Des lézards, des liqueurs, de Joël Bastard

Publié le par Emmanuelle Caminade

Des lézards, des liqueurs,  de Joël Bastard

Des lézards, des liqueurs : c'est avec ce titre étonnant évoquant tant Francis Ponge (1) ou Bernardo Atxaga (2) que Baudelaire (3) que Joël Bastard nous introduit dans un recueil tout aussi surprenant. Une sorte de fourre-tout chaotique et même souvent obscur, auquel l'auteur de Casaluna ou du Sentiment du lièvre ne nous avait guère habitués.

 

Ce recueil réunissant dix-huit sections regroupant elles-mêmes sous leur titre plusieurs proses poétiques, à l'exception des deux centrales - dont le texte éponyme -, semble s'articuler autour du chaudron de l'écrivain, de cette chambre magmatique où «le mystère» et «les mots» sont «en flammes».

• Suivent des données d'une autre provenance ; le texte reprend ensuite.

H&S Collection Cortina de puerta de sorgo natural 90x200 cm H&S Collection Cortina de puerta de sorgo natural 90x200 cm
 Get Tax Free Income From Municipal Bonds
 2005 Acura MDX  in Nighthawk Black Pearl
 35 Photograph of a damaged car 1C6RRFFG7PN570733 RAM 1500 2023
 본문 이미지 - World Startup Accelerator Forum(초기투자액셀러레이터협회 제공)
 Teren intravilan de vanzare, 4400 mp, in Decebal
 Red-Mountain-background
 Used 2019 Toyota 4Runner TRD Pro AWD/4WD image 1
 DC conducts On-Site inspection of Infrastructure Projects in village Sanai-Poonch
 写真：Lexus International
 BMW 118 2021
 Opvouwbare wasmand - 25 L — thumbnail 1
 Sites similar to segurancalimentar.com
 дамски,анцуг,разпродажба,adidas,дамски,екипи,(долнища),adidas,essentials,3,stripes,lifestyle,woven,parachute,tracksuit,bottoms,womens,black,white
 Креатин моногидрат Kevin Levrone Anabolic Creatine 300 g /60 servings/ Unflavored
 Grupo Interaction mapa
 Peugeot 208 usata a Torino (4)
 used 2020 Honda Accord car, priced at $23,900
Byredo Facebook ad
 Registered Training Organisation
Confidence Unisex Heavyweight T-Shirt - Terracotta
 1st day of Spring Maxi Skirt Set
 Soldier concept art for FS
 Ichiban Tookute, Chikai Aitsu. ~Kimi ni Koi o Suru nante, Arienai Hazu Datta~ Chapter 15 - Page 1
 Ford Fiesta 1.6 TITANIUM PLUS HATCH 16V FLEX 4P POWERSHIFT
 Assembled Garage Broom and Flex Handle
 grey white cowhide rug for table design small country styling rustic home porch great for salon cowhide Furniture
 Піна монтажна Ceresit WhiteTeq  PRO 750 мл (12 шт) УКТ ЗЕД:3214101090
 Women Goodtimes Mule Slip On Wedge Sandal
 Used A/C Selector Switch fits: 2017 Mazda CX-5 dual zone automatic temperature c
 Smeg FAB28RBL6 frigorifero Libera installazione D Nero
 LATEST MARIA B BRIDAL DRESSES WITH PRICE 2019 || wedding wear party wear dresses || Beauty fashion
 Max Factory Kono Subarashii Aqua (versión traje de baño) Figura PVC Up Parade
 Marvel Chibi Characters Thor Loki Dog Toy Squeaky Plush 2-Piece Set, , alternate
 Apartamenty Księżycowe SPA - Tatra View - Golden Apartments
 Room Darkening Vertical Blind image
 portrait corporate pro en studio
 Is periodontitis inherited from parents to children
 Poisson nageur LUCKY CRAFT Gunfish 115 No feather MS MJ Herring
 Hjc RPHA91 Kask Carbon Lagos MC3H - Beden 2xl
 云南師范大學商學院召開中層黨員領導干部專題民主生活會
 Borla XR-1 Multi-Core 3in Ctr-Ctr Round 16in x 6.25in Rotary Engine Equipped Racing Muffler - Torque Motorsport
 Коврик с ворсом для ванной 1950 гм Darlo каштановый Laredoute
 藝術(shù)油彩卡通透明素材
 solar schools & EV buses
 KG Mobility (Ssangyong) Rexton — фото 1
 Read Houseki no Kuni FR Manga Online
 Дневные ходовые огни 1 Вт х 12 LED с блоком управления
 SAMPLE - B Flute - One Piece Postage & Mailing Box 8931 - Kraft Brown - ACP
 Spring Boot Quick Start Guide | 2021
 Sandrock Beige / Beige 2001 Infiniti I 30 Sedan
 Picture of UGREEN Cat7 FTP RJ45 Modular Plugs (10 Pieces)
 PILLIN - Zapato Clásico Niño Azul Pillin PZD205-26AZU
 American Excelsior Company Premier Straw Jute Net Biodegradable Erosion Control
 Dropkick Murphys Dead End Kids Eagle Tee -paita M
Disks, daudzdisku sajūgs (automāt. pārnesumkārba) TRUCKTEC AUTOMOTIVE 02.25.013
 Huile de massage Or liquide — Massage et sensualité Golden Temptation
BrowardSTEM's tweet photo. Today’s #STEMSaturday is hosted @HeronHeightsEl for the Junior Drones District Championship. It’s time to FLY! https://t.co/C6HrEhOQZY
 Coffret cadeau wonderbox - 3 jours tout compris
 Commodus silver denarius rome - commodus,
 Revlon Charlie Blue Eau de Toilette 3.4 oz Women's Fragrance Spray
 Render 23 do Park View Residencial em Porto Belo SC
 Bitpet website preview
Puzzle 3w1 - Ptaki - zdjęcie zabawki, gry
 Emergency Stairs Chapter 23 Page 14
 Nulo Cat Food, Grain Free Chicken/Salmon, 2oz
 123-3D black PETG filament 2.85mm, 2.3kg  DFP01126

C'est un bric-à-brac où «les objets et les concepts» s'entremêlent et «la raison de l'ombre et de la lumière» cohabitent, où «tout et son contraire, l'un sur l'autre, se dit et se redit», où le temps «passe et repasse», la mémoire semblant «encombrée de vieux meubles dont on a perdu la clé», tandis que «les italiques» de cette immense bibliothèque d'encres accumulées désespèrent le poète, sans pour autant l'empêcher de «tenter l'impossible». Un recueil parfois digne d'un inventaire à la Prévert, à l'image du fabuleux chaos de l'univers.

 

«Courbé sur ses outils, sur la matière», dans le «va-et-vient de la frappe, de la réduction des éléments», limant avec constance «les barreaux du registre», Joël Bastard nous fait ainsi pénétrer dans l'atelier du poète. Un poète suivant l'incertain, à l'affût «des appels et des signes», qui ratisse son carré de sable avec «un vieux râteau rafistolé» et quadrille le territoire des songes, qui écarte «les genoux serrés», cherche «la moindre fissure» et s'avance sans peur comme l'insecte «sur le pont des brindilles».

1) Lézard, Album, pièces

2) Et les légendes et les mythes ancestraux du pays d'Obaba dans Obabakoax

3) Cf Elévation

 

Wassily Kandinsky, Fuga

 

«Faire de l'intérieur un terrain extérieur»

 

Joël Bastard ouvre des portes «à l'intérieur et à l'extérieur de l'enceinte», établit des passerelles. Il chemine dans les ténèbres des «grands fonds opaques», tel un plongeur divaguant «seul avec sa sueur au milieu des glouglous». Il nous fait entendre ces murmures du monde qui nous appellent, voir «ce qui s'étale en secret», ces paysages qui déroulent «leur verve silencieuse», chantant «la beauté muette du jour». Car tout revient «au grand air, à la laisse épanouie».

 

«Il y a des lézards, des liqueurs et du sens»

 

Et dans la coulée de ce capharnaüm hétéroclite foisonnant, il faut faire le tri, saisir des fulgurances. Forcément quelque chose fera sens car la vérité «cogne contre les parois», «des verbes luminescents clapotent sur la coque» au-delà de l'apparence exhibant son évidence.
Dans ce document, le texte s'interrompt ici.